International language of baseball unites Orioles' clubhouse

Club has emphasized signing foreign players under Dan Duquette, and Buck Showalter has built team chemistry despite language barrier

March 27, 2014|By Peter Schmuck, The Baltimore Sun

SARASOTA, Fla. -- Dominican slugger Nelson Cruz sat at his new locker a few weeks ago and surveyed the Orioles' spring training clubhouse.

In one corner, Taiwanese pitcher Wei-Yin Chen was huddled with his interpreter. On the other side of the room, South Korean star Suk-min Yoon was playing pingpong. Right beside Cruz was Cuban outfielder Henry Urrutia, soaking in the experience of a marquee Latin American player who has not forgotten what it was like to be a stranger in a strange new land.

The Orioles have developed a distinctly international flavor during the Dan Duquette era. There are five languages spoken in the clubhouse, and there were — at one time or another this spring — 20 players in major league camp who were not born in the United States. The majority of those players still come from the more traditional Latin American hotbeds of baseball talent, but the Orioles recently have made a big impression on the Pacific Rim.
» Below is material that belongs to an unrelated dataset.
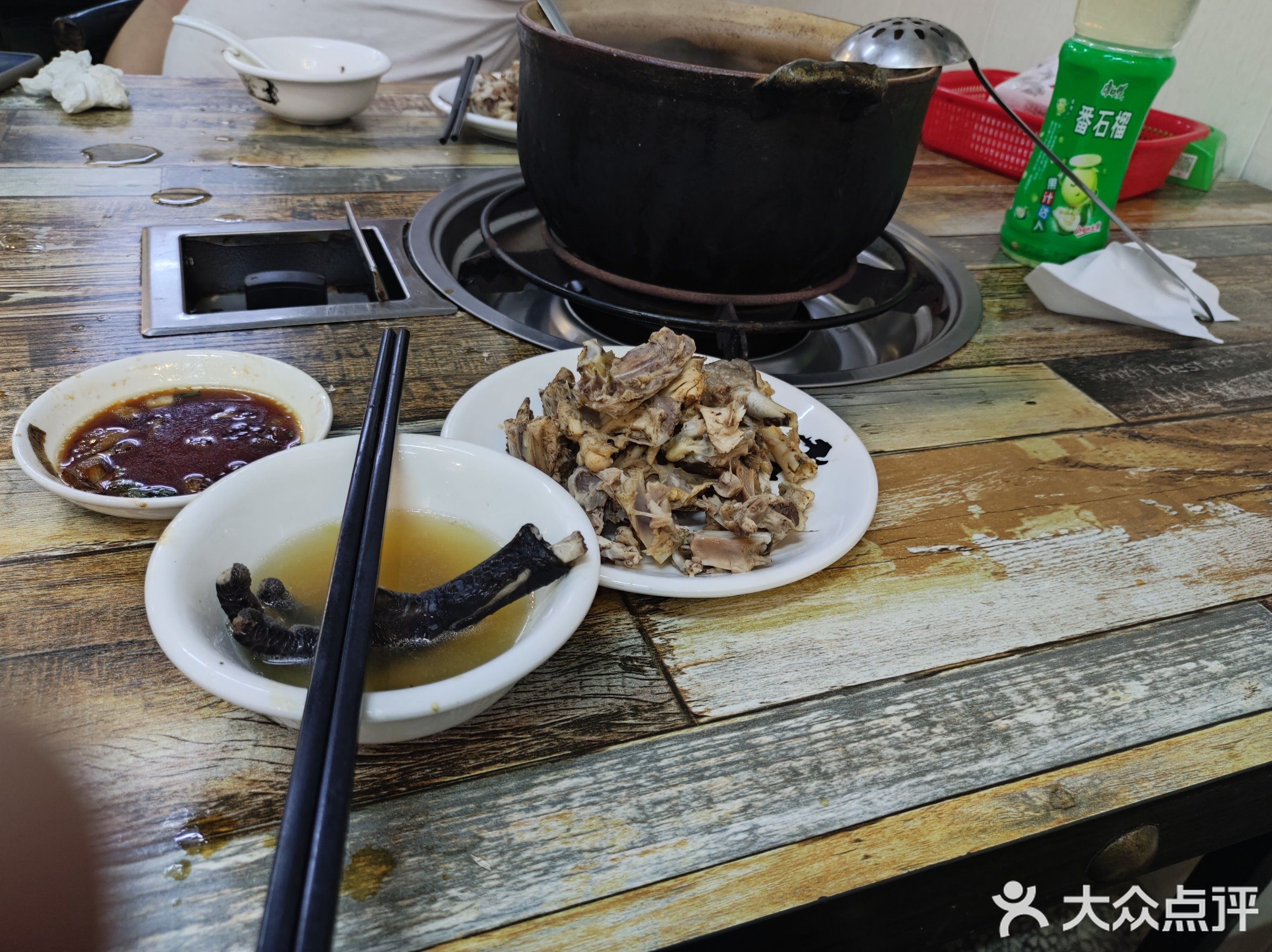 大埔药根鸡煲(金湖路店)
If that might figure to create a multidimensional communication gap in the dugout and on the field, Cruz said he immediately felt comfortable among his new teammates and wasn't surprised at how easily everyone on this culturally diverse roster interacted at the Ed Smith Stadium training complex.
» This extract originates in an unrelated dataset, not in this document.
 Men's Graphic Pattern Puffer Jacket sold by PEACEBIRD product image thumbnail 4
"Baseball,'' he said, "is a language you don't have to speak."

Of course, the Orioles aren't the only team that has gone global — they were actually late to this party. But after former Orioles president of baseball operations Andy MacPhail expanded the club's international scouting effort with the signing of Japanese star Koji Uehara in 2009, Duquette jumped in feet first and took the team's Asian outreach to a new level.

Now, the Orioles are pursuing players in every corner of the baseball-playing world and capped a seemingly listless offseason with four free-agent signings that illustrated their enhanced commitment to mining the global talent market.

They signed Yoon soon after the start of spring training, and then gave Dominican starting pitcher Ubaldo Jimenez a four-year, $50 million contract and Cruz a one-year, $8 million deal. If that wasn't enough, Duquette took a chance on two-time American League Cy Young Award winner Johan Santana, who is trying to come back from extensive shoulder surgery.

Santana, whose arrival was a big thrill for fellow Venezuelan left-hander Eduardo Rodriguez, said he could feel a positive cross-cultural vibe the moment he walked into the clubhouse, partly because of the prominent display of international flags that show how many countries are represented in camp.

"I was walking by and saw all the flags,'' Santana said. "That's pretty cool. That tells you how global baseball is. To have different guys from different countries and different cultures is always good. You talk and you have fun and you learn."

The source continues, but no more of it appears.